Some Surrey city councilors fear that a corporate recommendation to ‘streamline’ the city’s environmental development permitting process by handing over responsibilities to higher levels of government could hamper Surrey’s checks and balances on development. territory Development.
A progress report on the Surrey Economic Action and Recovery Plan presented to council on July 27 contains recommendations on how environmental review permits and approvals administered under federal and provincial laws should be streamlined . The next council meeting is September 15th.
The company report noted that on July 25, 2016, the council of the day approved a zoning bylaw on the protection of the Surrey shoreline as well as environmental development permit requirements for sensitive ecosystems and steep slopes. , which, according to the report, are “important initiatives that help preserve Surrey’s natural nature.” areas. But when these initiatives were introduced, their administration and overlap with federal and provincial responsibilities “was not fully defined” and over the past two years this has created a “bottleneck in the process.” staff review and significantly delayed applications, often with little or no change from the plans originally proposed.
The report notes that changes resulting from a “best practice review” will see qualified environmental professionals working directly with federal and provincial agencies “to obtain all required environmental approvals, including the use of reviews by peers, as appropriate, both on-site and off-site. work required for the proposed developments ”, with staff focusing on the preparation of“ terms of reference, guidelines, checklists and standards ”that PEQs can use to prepare reports for the province and / or federal Department of Fisheries and Fisheries. Oceans. These “improvements”, notes the company report, are scheduled for the third quarter of 2020.
Councilor Steven Pettigrew wanted to change the report but Mayor Doug McCallum told him he couldn’t. “You can like it or not like it, and have it done again, but we’re not going to make any corporate reporting changes,” McCallum said.
General manager Vincent Lalonde has confirmed this. “A corporate report is our technical document for you, so it’s really not, you’re right, it’s not up to the council to change it,” he told the mayor and council, but the recommendations contained in the report may or may not be supported.
Councilor Jack Hundial noted that a biologist position was created three years ago and asked why staff are asking the city to go back now.
Jean Lamontagne, Surrey’s director general of planning, explained that “mainly at the provincial level they were totally understaffed.
“We had to try to help process files that had an environmental aspect. Since then, the province has strengthened its office within the Surrey branch which deals with all environmental aspects of enforcement in the Fraser Valley and it makes sense that those decisions, where they belong, belong to the government. provincial to be processed for this purpose. , not on our side.
Councilor Brenda Locke said it was “disappointing” that the council could not remove the environmental recommendations from the report “and maybe staff look at them separately. I guess it seems to me that is part of the city’s due diligence.

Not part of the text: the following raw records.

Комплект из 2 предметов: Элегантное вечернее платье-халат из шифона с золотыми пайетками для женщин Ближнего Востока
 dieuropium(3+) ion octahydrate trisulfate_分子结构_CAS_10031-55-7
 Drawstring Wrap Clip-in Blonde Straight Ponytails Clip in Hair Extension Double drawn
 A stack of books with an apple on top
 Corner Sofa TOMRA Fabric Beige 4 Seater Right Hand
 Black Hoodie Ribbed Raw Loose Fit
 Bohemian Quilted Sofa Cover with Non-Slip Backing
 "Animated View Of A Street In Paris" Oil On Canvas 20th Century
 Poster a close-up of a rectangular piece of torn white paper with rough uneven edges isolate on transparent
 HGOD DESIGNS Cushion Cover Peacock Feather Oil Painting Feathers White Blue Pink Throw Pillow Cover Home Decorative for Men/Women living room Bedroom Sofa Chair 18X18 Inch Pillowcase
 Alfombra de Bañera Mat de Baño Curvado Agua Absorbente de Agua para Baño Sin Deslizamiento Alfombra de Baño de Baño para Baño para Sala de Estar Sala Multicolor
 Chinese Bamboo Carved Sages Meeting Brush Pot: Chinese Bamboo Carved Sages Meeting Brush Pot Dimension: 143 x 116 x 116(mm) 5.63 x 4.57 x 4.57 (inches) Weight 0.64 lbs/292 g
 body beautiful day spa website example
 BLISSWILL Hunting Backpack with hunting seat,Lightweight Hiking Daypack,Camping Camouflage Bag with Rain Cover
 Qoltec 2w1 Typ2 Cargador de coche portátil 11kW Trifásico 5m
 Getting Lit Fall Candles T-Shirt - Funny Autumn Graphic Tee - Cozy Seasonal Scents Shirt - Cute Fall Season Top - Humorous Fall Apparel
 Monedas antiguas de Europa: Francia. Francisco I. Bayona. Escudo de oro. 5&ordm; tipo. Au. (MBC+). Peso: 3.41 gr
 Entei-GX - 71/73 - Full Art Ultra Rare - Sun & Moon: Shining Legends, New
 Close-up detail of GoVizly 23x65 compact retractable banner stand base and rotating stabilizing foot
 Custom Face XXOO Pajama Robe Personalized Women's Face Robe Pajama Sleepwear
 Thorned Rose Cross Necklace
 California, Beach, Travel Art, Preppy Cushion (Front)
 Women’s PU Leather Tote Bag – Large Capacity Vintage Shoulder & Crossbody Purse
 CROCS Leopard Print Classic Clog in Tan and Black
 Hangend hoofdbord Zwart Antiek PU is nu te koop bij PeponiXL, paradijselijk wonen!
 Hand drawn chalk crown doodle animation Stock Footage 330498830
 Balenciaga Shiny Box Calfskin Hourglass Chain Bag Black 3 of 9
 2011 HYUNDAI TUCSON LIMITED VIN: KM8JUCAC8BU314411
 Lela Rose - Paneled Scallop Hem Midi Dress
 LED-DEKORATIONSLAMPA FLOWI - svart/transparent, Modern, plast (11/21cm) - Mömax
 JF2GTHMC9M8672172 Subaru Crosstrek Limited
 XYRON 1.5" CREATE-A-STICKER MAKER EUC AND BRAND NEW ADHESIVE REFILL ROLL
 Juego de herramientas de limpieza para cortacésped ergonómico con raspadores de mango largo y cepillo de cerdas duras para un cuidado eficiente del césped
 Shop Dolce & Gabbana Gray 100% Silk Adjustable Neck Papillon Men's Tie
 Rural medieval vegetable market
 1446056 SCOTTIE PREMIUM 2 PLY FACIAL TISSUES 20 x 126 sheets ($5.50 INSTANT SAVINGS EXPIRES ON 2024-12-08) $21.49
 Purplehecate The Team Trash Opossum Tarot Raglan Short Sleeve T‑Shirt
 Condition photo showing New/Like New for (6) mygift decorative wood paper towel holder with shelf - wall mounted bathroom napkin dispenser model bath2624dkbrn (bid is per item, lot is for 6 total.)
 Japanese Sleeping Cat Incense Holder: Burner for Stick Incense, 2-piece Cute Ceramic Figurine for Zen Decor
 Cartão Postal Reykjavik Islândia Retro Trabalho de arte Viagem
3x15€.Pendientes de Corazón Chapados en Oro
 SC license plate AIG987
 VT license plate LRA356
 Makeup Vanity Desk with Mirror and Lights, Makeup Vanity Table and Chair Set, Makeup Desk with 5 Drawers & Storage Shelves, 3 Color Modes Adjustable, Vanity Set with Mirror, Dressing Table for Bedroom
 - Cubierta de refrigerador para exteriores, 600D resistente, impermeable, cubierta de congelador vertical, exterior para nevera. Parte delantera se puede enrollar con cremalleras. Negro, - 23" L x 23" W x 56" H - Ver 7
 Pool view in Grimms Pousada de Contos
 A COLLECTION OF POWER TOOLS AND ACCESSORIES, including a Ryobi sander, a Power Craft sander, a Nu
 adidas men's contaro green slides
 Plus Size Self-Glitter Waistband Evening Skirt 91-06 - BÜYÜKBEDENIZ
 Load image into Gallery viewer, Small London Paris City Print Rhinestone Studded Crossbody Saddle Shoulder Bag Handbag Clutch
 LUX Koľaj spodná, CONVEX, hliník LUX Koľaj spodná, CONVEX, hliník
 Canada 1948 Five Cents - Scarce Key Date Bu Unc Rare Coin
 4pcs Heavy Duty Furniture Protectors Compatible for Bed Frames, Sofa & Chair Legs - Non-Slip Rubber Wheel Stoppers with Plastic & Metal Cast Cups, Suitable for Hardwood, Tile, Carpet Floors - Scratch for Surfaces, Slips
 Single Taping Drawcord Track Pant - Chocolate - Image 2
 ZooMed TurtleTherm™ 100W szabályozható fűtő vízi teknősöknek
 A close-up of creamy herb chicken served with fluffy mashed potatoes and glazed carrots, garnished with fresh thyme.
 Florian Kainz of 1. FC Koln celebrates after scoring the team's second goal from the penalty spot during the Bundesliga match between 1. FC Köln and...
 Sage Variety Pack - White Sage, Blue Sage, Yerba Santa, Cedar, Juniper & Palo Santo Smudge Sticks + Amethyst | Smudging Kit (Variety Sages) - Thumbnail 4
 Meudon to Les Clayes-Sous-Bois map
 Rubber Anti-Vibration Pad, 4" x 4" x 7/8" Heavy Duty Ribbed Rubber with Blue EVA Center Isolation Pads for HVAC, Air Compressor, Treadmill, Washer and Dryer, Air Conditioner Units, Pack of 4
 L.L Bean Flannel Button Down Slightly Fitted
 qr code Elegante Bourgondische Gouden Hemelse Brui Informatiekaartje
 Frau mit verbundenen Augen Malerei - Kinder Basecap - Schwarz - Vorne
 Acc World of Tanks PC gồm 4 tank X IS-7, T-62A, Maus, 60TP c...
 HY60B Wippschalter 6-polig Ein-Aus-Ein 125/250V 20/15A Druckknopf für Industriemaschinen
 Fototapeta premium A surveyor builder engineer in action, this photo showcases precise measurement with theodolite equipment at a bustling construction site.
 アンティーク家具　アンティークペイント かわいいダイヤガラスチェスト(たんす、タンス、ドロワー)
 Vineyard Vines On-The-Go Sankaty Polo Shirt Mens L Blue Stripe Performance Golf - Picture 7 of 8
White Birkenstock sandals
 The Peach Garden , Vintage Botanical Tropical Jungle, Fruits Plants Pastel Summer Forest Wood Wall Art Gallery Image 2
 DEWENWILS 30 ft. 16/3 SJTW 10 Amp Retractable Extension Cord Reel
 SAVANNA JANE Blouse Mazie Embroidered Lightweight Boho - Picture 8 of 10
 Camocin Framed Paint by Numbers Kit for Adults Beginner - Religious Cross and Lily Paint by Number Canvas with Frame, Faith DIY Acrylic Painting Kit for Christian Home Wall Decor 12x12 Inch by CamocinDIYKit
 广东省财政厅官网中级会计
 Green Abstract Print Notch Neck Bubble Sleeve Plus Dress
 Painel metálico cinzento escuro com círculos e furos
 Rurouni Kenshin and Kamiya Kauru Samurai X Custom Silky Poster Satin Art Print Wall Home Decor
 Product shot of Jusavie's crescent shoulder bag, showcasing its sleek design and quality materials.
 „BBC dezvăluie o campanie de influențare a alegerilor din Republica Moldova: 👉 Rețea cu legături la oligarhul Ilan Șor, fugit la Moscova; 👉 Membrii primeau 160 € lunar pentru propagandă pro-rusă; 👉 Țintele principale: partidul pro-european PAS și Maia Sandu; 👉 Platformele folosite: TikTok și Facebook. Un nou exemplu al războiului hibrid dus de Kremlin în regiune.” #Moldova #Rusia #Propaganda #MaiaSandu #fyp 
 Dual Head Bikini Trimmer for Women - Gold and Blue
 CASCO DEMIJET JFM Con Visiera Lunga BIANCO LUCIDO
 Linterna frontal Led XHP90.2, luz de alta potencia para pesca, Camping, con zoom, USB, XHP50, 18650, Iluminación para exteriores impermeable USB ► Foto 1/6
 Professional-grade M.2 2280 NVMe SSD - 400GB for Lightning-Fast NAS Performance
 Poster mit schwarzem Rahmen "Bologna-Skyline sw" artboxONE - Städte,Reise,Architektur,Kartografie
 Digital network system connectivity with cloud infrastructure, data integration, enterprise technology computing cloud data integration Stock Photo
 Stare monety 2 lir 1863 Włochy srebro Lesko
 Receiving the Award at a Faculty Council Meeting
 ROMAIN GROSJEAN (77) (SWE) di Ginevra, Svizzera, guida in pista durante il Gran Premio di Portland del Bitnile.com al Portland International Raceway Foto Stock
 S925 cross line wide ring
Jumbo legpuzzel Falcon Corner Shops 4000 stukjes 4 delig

“I still think it’s important that the city also has a say,” she said.
Councilor Linda Annis said it would be “very unfortunate to lose this part of the whole process through town hall. What we maybe need to do is see how we can make it more efficient, but I don’t think we can afford to lose that as part of the planning process.
McCallum said the only government agency that can issue the environmental permit is the Government of British Columbia.
“The city cannot issue the environmental permit,” he said. “We took the provincial post without really getting any results. “
He said he believed the recommendations put forward by staff in their report were more effective and that their adoption would be of “great help” to the environment and to the development industry. “I will therefore fully support the corporate report,” said McCallum.
Councilor Doug Elford also said he “fully” supports the report. “When I saw the environmental review, the extraction process, I was slightly worried,” he said. “However, the real problem here – I’ll just make a general statement – is that the law itself needs to be reviewed, revised and updated. This leaves too much discretion, there is too much gray area, which creates a lot of bottlenecks in the process. Really, the ministry needs to look at that and revisit this process because a lot of municipalities have backup issues, the same issues. It needs to be streamlined, it needs to be modernized. And this is the real basic problem.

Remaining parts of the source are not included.